Páginas

sábado, maio 03, 2025

La historia del Buen Samaritano


                                                          


 En Lucas 10:25-37, Jesús cuenta una de sus parábolas más poderosas: la historia del Buen Samaritano. Comienza con la pregunta de un experto en la ley religiosa: “¿Y quién es mi prójimo?” En respuesta, Jesús pinta un cuadro vívido de compasión que aún hoy nos habla profundamente.

Un hombre viajaba de Jerusalén a Jericó cuando fue atacado por ladrones, quienes lo despojaron, lo golpearon y lo dejaron medio muerto.

Pasó un sacerdote, vio al hombre y siguió de largo por el otro lado del camino. Luego pasó un levita, otro líder religioso, e hizo lo mismo. Pero un samaritano —alguien de un grupo despreciado por los judíos— vio al hombre herido y se conmovió profundamente.
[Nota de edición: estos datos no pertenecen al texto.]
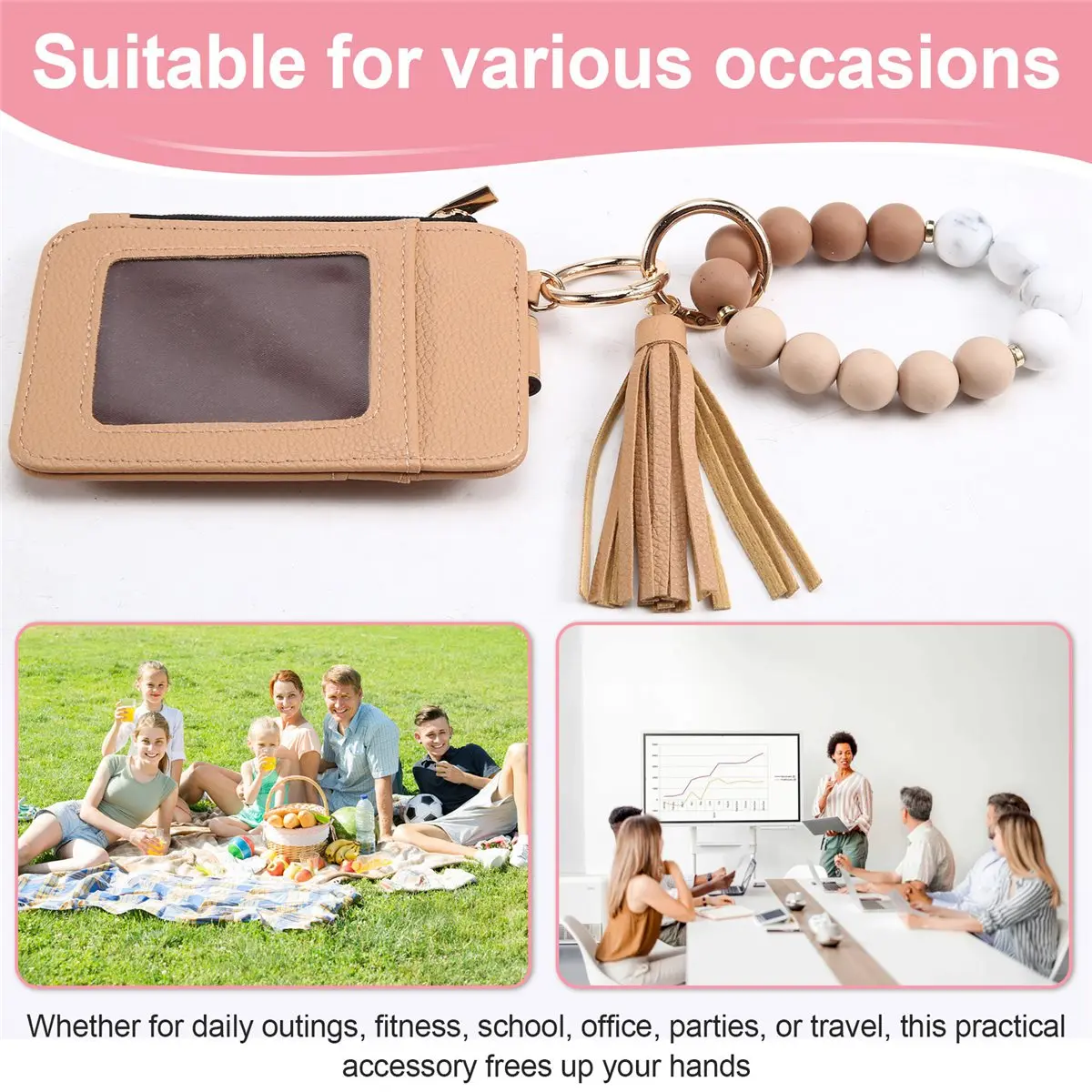 Key Chain Wristlet Bangle Bracelet Keychain Women'S ID Small Change Holder Wallet with Detachable Keyring Protection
No solo sintió lástima. Actuó. Vendó sus heridas, lo llevó a una posada y pagó por su cuidado.

Jesús terminó la historia con una pregunta: “¿Cuál de estos tres piensas que fue el prójimo del hombre?” La respuesta era clara: el que tuvo misericordia de él.

Esta parábola no trata solo de ayudar a alguien necesitado. Se trata de romper barreras de raza, religión y estatus. El samaritano no preguntó quién era el hombre ni si merecía ayuda. Simplemente vio a un ser humano sufriendo y respondió con amor.

En un mundo donde es fácil apartarse del sufrimiento o juzgar quién es “digno”, Jesús nos llama a un estándar diferente: uno de compasión radical y desinteresada.

¿Quién es tu prójimo? Cualquiera que necesite amor. Y ese tipo de amor no solo cambia una vida —cambia el mundo.